The Wall Street Journal reports that, ‘the average initial investment for finance-industry startups is at least $2m [£1.34m], before employee costs.’ That’s a lot of accumulated bonuses. As a result, many of the bankers escaping to Startupland are in their 50s. They are also being forced to cash-in the sorts of trophy houses and trinkets that bankers of a certain age have come to expect. Gerry Cardinale, former co-head of Goldman Sachs US private-equity investing business, sold his house in the Hamptons and started taking the New York subway. “It was like going back to being 26,” he reflected.
Separately, the happiest M&A banker at Goldman Sachs is possibly a woman based in London. Karen Cook, a London-based partner and the so-called ‘Queen of M&A‘ reportedly landed Goldman its key role as advisor to BG Group in its sale to Royal Dutch Shell. The sale is expected to net Goldman up to $90m in fees, some of which must be shared with boutique firm Robey Warshaw. Mark Sorrell, co-head of U.K. investment banking at Goldman is also working with Cook on the deal.

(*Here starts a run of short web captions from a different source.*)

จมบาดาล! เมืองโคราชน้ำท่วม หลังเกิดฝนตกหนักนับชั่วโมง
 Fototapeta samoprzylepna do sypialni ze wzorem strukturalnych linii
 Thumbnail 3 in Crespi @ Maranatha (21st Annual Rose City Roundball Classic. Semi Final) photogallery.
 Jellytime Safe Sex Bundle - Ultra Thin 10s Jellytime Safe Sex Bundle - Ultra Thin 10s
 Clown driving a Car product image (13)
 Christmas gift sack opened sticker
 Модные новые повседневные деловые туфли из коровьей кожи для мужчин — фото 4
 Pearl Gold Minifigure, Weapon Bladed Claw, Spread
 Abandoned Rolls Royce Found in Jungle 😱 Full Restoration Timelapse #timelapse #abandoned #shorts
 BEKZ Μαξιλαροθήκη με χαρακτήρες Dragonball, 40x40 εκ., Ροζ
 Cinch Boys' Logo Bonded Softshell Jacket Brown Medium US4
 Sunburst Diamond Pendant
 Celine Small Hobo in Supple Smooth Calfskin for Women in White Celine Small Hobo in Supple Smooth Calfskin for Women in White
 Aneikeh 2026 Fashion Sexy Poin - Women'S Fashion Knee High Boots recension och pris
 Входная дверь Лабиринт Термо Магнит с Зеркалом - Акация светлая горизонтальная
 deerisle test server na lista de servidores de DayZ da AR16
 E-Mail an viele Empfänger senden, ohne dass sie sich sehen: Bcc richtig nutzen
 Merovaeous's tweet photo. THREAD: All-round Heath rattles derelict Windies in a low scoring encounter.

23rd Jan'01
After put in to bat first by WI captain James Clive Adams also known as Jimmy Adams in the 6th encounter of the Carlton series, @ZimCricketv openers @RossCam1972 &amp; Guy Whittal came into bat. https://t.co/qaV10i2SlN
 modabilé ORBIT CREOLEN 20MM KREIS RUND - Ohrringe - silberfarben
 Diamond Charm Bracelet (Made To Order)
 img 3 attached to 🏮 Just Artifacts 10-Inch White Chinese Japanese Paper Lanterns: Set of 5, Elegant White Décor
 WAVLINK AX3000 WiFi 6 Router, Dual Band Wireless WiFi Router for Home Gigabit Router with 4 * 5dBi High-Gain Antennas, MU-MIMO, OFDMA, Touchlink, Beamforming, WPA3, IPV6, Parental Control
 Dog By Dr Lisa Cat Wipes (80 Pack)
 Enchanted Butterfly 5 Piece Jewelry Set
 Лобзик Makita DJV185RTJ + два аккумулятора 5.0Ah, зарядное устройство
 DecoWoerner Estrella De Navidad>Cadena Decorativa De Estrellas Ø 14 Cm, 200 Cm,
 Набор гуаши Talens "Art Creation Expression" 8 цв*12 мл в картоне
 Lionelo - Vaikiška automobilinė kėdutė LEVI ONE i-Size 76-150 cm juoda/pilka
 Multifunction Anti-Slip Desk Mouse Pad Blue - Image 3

Cross-border European M&A is booming thanks to the, ‘euro’s decline against the dollar and renewed confidence in an economic recovery.’ (Bloomberg)
J.P. Morgan is using new predictive monitoring algorithms to assess when employees will contravene compliance rules. (Bloomberg)
The purpose of J.P. Morgan’s algorithm is not to minimize legal costs, but rather to optimize them. (Bloomberg)
Diego De Giorgi and Karim Assef are the new co-heads of global investment banking at BAML. De Giorgi is a Goldman Sachs veteran who joined in 2013, Assef has been with BAML for 20 years. BAML wants to grow investment banking in Latin America and to invest in infrastructure finance. (Financial Times)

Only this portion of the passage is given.